In his exhibition: "You don't have to understand everything", the Hamburg artist Manfred Holtfrerich, known for his "Leaves" series, shows large-format black, white and grey pictures with images of dust, stains and fabric, which he juxtaposes with works from his "Leaves" series, leaves from Berlin collections and more recent ones from the last two years.

The "Leaves", found autumn leaves painted in watercolour in natural size, are extremely realistic portraits of nature. They have the dual character of something real and, as an appearance of art, something that goes beyond it, something about something. They thrive on the tension between image and object.

The starting point for the large pictures, pigment prints in the format 180 x 125-270 cm, are sections, remnants, samples that have been put aside in the studio to be utilised at some point.

The artist has selected from this material, enlarged it and aesthetically cleaned it, so to speak, so that it loses its casualness, objectifies itself as a picture and asserts itself as a work.

The pictures confront the viewer with the expression of something accidental, but accidentally correct, just like the leaves as a thing of nature. M.H. "It is as it is".

Both groups of pictures ask what a picture actually is beyond its content as an artistic structure, what makes it a work.

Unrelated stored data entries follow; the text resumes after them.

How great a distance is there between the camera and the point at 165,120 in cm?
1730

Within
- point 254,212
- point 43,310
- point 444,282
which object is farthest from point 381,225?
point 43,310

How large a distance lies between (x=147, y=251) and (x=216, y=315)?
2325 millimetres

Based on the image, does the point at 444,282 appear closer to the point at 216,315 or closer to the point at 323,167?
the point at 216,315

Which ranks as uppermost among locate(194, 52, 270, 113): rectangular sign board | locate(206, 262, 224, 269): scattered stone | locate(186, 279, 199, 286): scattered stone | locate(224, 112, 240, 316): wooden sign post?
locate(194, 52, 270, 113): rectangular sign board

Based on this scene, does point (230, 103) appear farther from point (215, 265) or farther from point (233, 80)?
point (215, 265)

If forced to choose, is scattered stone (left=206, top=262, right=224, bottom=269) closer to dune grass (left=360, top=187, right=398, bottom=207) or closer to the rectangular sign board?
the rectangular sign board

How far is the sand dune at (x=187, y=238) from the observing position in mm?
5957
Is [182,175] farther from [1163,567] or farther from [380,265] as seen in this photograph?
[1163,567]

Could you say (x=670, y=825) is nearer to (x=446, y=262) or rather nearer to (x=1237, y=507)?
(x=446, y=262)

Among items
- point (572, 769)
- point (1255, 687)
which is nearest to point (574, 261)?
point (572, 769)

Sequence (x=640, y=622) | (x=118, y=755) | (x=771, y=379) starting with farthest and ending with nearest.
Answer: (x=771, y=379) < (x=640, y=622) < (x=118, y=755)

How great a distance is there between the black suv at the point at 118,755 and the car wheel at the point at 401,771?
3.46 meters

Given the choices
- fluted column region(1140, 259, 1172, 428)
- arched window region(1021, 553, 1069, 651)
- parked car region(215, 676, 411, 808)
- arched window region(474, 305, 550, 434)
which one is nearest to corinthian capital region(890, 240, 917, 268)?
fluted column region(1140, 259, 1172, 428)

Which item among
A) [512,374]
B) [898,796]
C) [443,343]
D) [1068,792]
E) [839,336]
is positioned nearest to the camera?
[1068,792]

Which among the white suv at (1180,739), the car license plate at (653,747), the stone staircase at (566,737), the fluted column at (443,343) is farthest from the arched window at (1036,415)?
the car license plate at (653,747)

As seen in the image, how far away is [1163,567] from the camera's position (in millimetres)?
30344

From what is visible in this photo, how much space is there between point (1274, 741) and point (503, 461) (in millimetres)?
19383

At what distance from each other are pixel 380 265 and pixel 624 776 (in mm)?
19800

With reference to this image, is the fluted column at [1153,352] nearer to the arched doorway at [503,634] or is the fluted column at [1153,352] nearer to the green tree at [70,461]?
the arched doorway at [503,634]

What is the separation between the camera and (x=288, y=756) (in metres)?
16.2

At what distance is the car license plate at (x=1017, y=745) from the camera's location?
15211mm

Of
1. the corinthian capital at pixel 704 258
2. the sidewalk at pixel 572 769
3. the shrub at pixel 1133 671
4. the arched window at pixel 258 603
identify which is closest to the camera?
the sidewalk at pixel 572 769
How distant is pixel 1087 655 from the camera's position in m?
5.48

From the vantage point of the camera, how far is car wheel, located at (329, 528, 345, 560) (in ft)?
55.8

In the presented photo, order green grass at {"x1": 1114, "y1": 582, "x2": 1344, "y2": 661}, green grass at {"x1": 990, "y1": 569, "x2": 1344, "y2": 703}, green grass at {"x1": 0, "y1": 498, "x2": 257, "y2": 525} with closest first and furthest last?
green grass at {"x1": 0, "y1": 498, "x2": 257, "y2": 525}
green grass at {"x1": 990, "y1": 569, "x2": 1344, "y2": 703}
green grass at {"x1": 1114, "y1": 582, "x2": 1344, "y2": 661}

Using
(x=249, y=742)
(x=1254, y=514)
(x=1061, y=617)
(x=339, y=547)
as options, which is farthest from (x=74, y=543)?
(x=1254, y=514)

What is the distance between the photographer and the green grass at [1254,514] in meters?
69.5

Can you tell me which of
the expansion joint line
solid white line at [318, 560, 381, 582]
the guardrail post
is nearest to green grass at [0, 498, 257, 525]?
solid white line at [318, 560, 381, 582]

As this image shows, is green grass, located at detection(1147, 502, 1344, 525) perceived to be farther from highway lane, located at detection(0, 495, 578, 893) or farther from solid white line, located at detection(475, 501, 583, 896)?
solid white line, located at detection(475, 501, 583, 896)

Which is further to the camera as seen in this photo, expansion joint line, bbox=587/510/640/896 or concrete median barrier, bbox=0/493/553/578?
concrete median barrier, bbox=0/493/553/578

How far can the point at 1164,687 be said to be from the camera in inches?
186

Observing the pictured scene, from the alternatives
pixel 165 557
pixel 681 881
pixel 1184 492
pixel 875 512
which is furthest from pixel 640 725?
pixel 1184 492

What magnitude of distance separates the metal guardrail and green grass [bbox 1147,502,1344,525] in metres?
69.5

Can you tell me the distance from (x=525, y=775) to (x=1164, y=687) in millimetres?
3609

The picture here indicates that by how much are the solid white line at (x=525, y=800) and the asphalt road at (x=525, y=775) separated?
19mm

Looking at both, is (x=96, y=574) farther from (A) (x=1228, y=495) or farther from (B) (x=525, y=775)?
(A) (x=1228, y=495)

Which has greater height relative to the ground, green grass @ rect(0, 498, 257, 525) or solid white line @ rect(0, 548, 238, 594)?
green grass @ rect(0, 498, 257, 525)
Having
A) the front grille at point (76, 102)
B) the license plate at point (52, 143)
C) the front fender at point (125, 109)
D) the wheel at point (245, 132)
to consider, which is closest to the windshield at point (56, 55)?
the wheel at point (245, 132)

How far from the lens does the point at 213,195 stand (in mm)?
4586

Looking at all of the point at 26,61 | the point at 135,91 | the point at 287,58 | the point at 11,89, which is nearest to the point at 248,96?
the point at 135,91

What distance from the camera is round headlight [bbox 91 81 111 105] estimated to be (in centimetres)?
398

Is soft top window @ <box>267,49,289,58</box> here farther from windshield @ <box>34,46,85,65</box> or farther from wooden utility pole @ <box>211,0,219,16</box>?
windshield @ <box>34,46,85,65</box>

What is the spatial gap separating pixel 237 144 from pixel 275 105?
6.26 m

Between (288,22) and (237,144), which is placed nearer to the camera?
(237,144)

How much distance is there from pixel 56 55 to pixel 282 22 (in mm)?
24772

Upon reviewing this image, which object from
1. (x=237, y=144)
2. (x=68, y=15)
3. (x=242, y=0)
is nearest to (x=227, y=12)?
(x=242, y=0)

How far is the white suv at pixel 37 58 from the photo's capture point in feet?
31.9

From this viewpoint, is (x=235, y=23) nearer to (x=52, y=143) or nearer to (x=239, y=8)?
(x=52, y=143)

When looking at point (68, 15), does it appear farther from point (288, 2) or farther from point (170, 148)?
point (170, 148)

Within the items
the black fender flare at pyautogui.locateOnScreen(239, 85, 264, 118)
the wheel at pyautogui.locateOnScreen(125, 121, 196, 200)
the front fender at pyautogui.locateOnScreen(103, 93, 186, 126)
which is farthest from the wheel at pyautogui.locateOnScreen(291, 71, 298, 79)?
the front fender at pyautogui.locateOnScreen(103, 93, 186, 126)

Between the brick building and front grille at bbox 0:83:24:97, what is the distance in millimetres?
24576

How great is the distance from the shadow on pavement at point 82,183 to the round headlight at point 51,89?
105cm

Marie 10 is a temporary non-commercial art project initiated and curated by Kira Marina von Bismarck, Julian Heynen, Jörg Johnen, and Brigitte Kölle.

 

17.09.2022 - 22.10.2022 - Marie 10

Gianni Caravaggio - Only the Heart Remains Young

Italy poses riddles for us in many ways. Especially in contemporary art. Some Italian artists, like Monica Bonvicini and Maurizio Cattelan, have managed to gain international attention with provocative and powerful works. But there are also somewhat younger artists who have developed a very quiet and poetic aesthetic. Among them is Gianni Caravaggio. His criticism of the world is based in the stillness of his works and their rejection of rapid legibility. Radical anti-Pop. Caravaggio achieves this with unusual and enigmatic materials and combinations of materials. With titles that don’t explain, but open up potentials for imagination. With a minimalist and artisanally challenging pictorial world. In their pointed enigmatic character, his works are comparable to almost nothing one currently sees in galleries, biennials, or museums. They are as removed from time as possible and seek to place visitors in a realm of moods and sensual stimuli that lie beyond our everyday world.

The exhibition is curated by Jörg Johnen.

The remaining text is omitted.